*Exercise instructions*:
Retype each entry below exactly. Do not carry any image over.

(Brief descriptive captions)
• • •

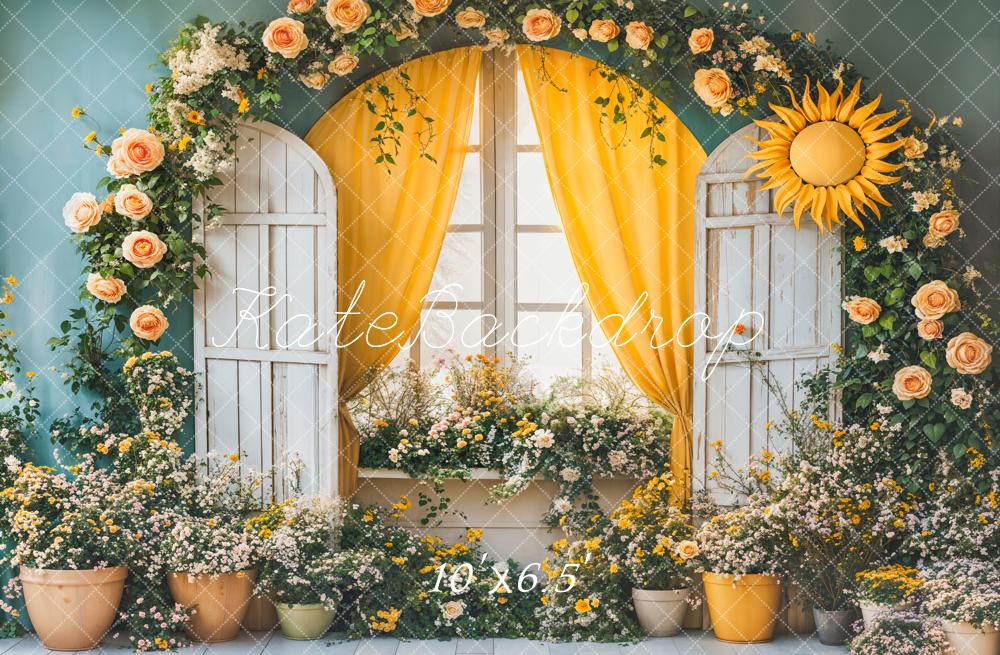 Arco Floral de Primavera con Girasoles para Ventana Diseñado por Emetselch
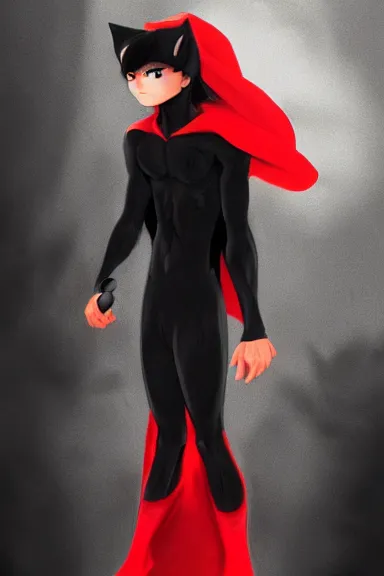 Image similar to little boy with cat ears in an black outfit with red cape. digital artwork made by lois van baarle and kentaro miura and marc simonetti, sharpness focus, inspired by hirohiko araki, anatomically correct, heroic composition, hero pose, smooth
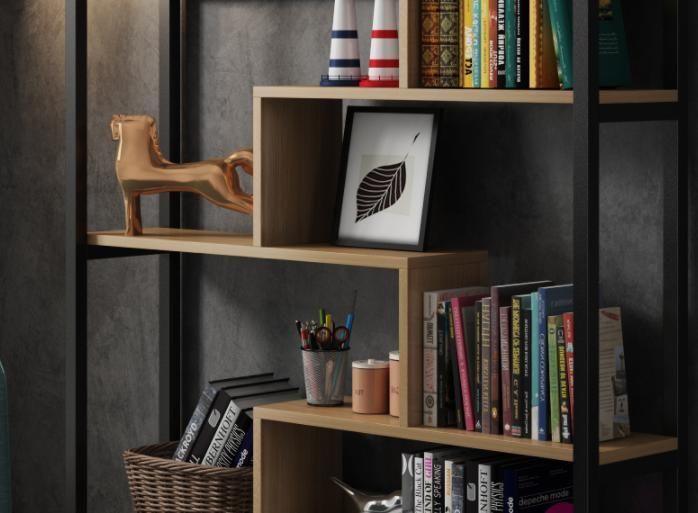 Simple Multi-Layer Steel and Wood Shelf Office Display Shelf Bookcase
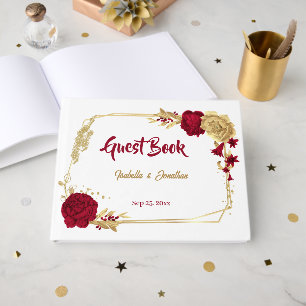 burgundy & gold flowers elegant wedding guest book
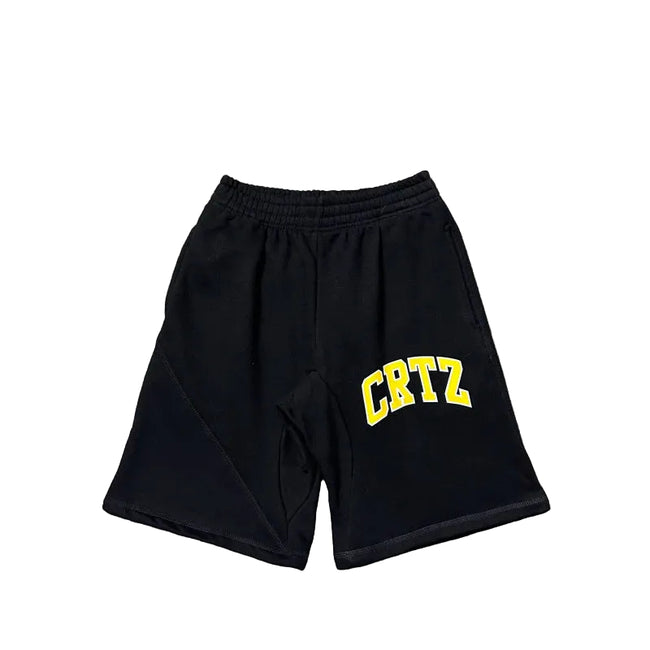 Corteiz Collegiate Arc Logo Heavyweight Shorts - Black yellow Hover Image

• • •

*Task response*:
 Arco Floral de Primavera con Girasoles para Ventana Diseñado por Emetselch
 Image similar to little boy with cat ears in an black outfit with red cape. digital artwork made by lois van baarle and kentaro miura and marc simonetti, sharpness focus, inspired by hirohiko araki, anatomically correct, heroic composition, hero pose, smooth
 Simple Multi-Layer Steel and Wood Shelf Office Display Shelf Bookcase
 burgundy & gold flowers elegant wedding guest book
 Corteiz Collegiate Arc Logo Heavyweight Shorts - Black yellow Hover Image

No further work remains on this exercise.